§ Raw data
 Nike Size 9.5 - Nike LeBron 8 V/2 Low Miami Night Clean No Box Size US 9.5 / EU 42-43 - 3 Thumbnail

--

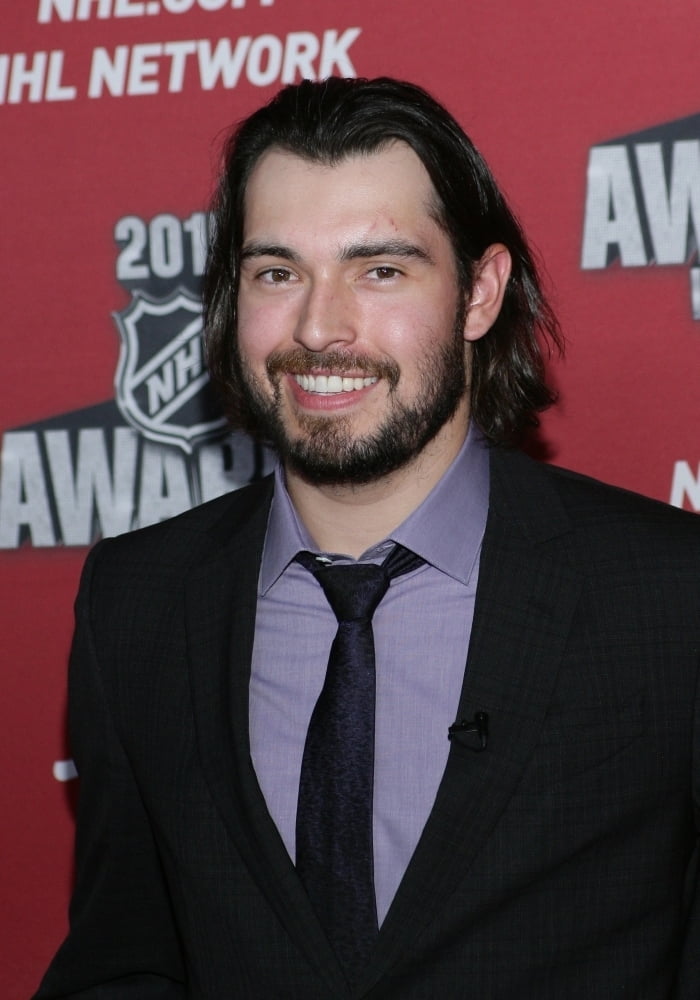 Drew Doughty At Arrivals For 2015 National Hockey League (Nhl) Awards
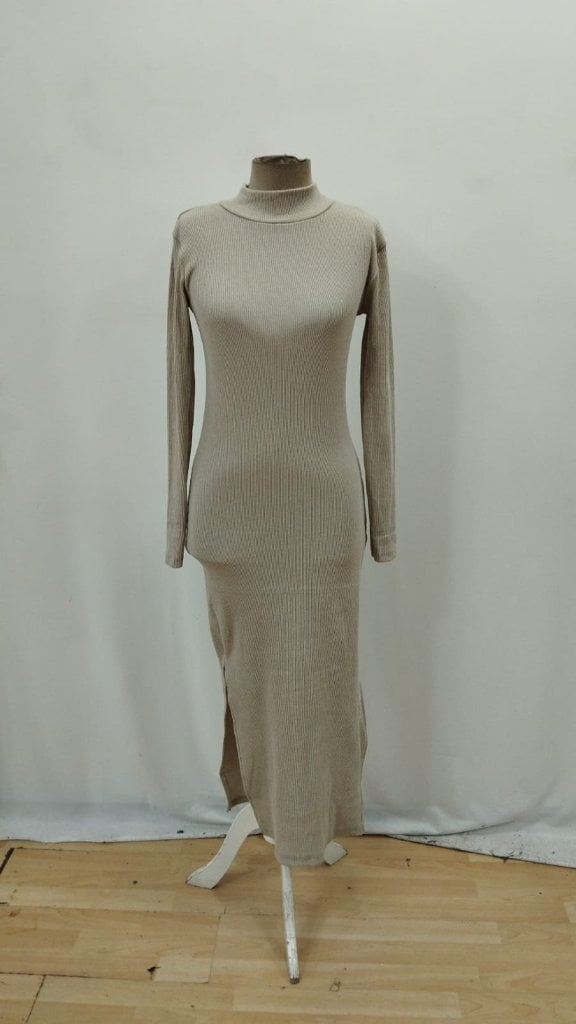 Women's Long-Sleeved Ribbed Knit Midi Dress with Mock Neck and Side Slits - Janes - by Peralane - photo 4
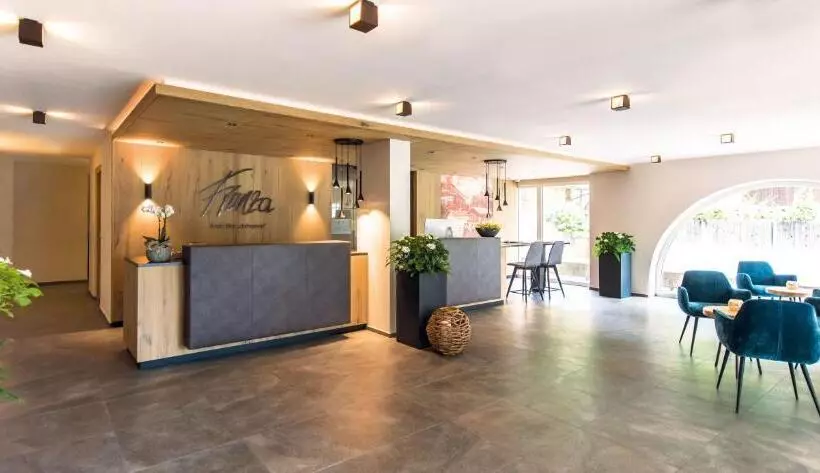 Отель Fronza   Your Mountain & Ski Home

§ What is needed
Look above for the line with "Drew Doughty At" and the line with "Mountain & Ski Home". Copy them and every line between, exactly, but no pictures.

§ Task result
 Drew Doughty At Arrivals For 2015 National Hockey League (Nhl) Awards
 Women's Long-Sleeved Ribbed Knit Midi Dress with Mock Neck and Side Slits - Janes - by Peralane - photo 4
 Отель Fronza   Your Mountain & Ski Home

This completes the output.